Content starts

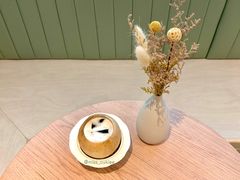 椰皇木莲冻炖双皮奶-杏甜品(尖沙咀加拿分道店)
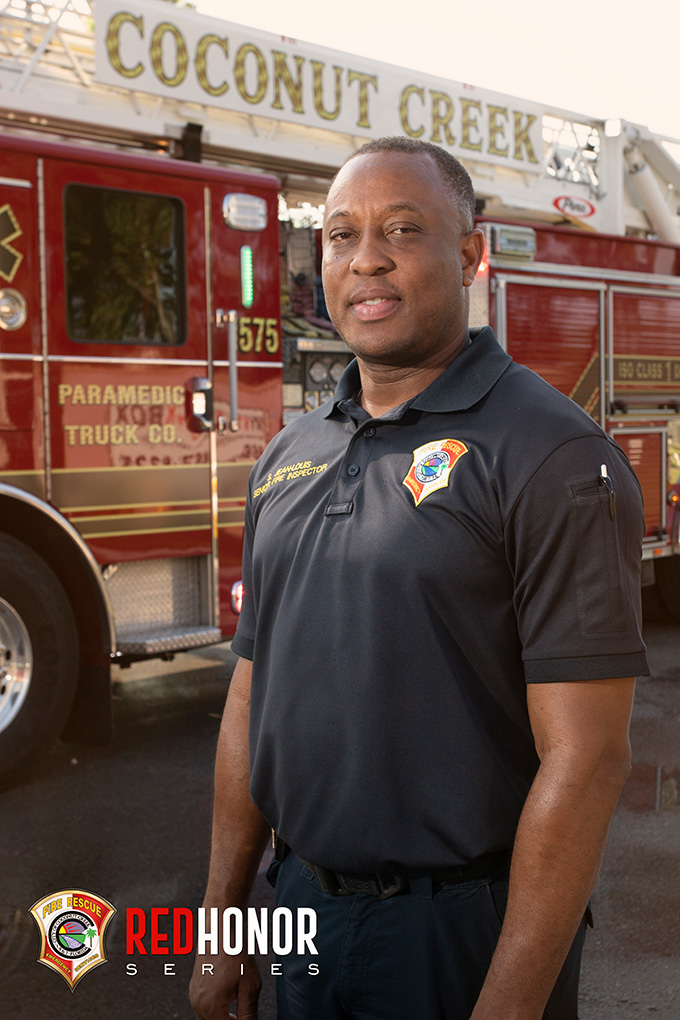 Stevenson Jean-Louis - Senior Fire Inspector Stevenson Jean-Louis - Senior Fire Inspector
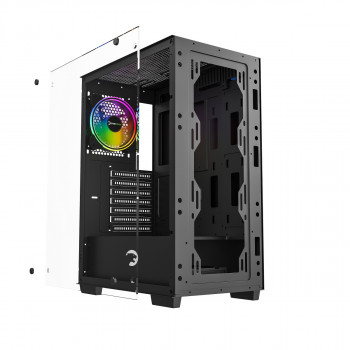 GAMEPOWER FLEX 4xARGB BLACK GAMING KASA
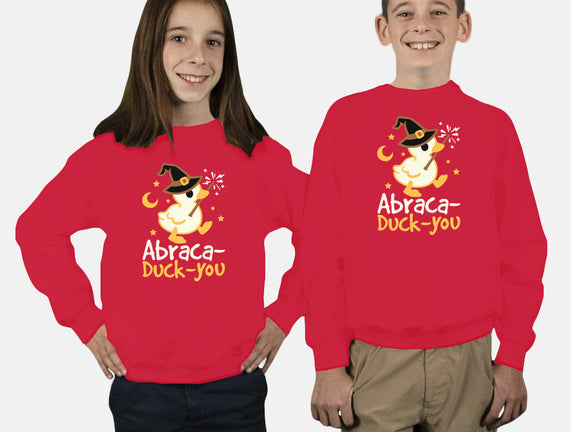 Abraca-duck-you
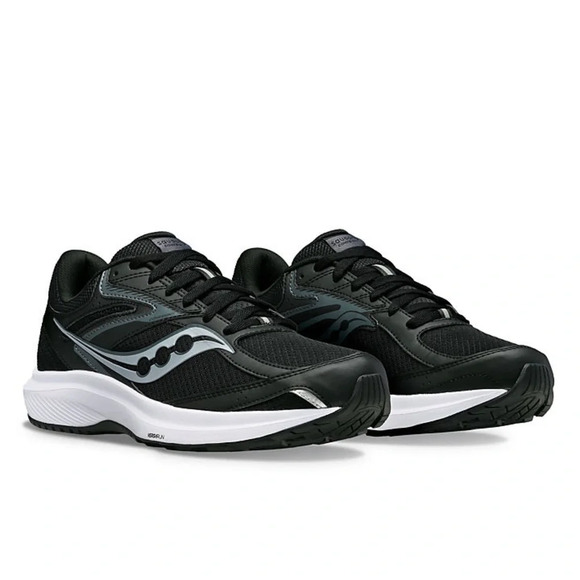 NIB Saucony Men’s Cohesion 17 Black Athletic Shoes in size 11 - Picture 1 of 9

Content ends

Task details
Your answer must be an exact copy of the data above, minus its pictures.

The answer
 椰皇木莲冻炖双皮奶-杏甜品(尖沙咀加拿分道店)
 Stevenson Jean-Louis - Senior Fire Inspector Stevenson Jean-Louis - Senior Fire Inspector
 GAMEPOWER FLEX 4xARGB BLACK GAMING KASA
 Abraca-duck-you
 NIB Saucony Men’s Cohesion 17 Black Athletic Shoes in size 11 - Picture 1 of 9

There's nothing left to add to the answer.